6 thoughts on “Pakistan I: The Blasphemy Laws

  1. No Muslim government, university, cleric or scholar will condemn or remonstrate with Pakistani fanatics on this score. The default setting for the Islamic world is therefore tolerance of law that is instantly at the service of petty jealousy, venality, and spite.

    The state stands solidly behind torture and murder of innocent people in prison; it ignores and thus encourages vigilantism.

    Pakistan is a loathesome excuse for a country but it is a member in good standing in the community of Islamic nations.

    Think on this next time some Muslim dissembler talks about the glorious contributions of Islam. Barbarism and pig ignorance are its only contributions to the human experience.

  2. Excellent piece, Peter. I daresay you and others are aware that Pakistan’s dire condition is further aggravated by a feudal political system, with a few “aristocratic” families controlling what the Islamists don’t.

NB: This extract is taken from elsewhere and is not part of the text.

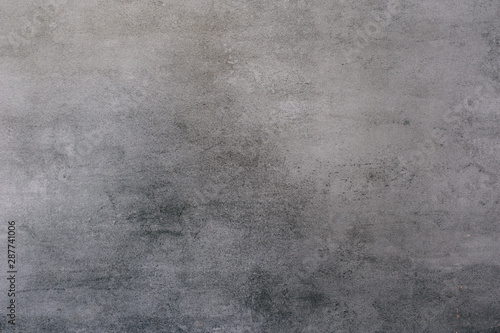 Background of a gray stucco coated and painted exterior, rough cast of cement and concrete wall texture
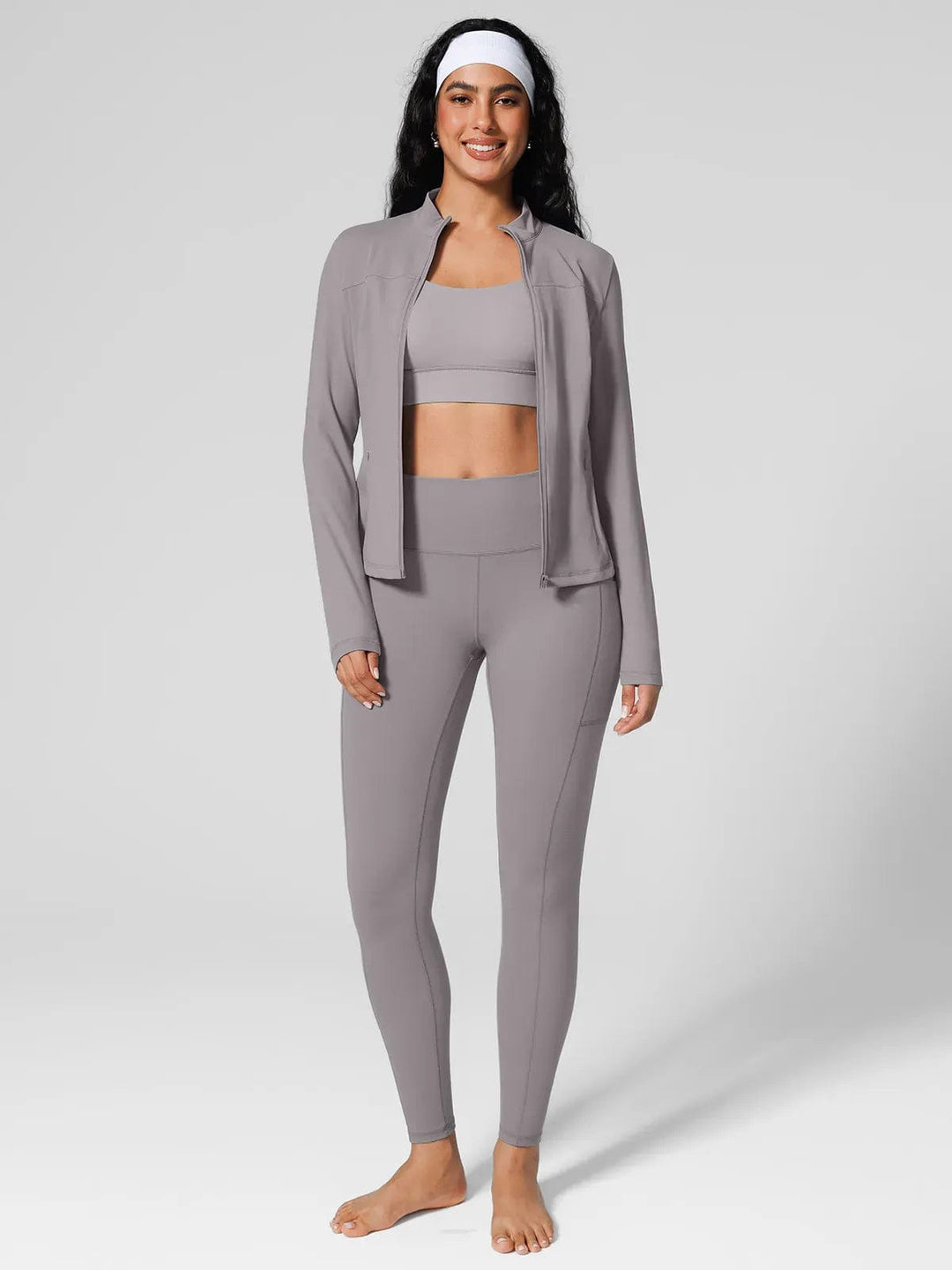 A model wearing a BRXL® Athleisure Four Pockets Cropped Jacket,One Size Fits Most Sporty High-Waisted Leggings in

    A friend of mine teaches English to foreigners (and married one, a lady from Taiwan, but that’s another story). A couple of years ago he refused to take any more young Pakistani men, as they evidently considered themselves so much a part of the elite that they didn’t need to apply themselves, or show respect.

    • And aggravated also by the fact that about 80% of Pakistanis are the product of first cousins.

      Now, I’m no defender of Islam. I think it’s loathsome, grim and toxic. But you could give ANY philosophy to Pakistanis and they would slaughter each other over it. You could turn them all into Trekkies and they would erupt in sword fights over “Kirk vs. Picard.”

      They’re simply irrational and volatile.

  3. A very good article Peter. It is a terrible thing for us here in Britain, that Muslim immigrants from Pakistan have imported many of their loathsome habits along with themselves.

  4. Peter, thank you so very much for this article. I do hope that with every passing day, with every death, with every barbaric act of religious “justice” the scales fall from our eyes some more as things reveal themselves in their true light.

  5. In the 1970s, I was flying from Bangkok back to the US through Europe. The plane landed for refueling at Karachi. I could have deplaned and spent some time in the terminal building, but I chose to stay on board. To this day it’s the wisest decision I ever made in my life, and I have never returned.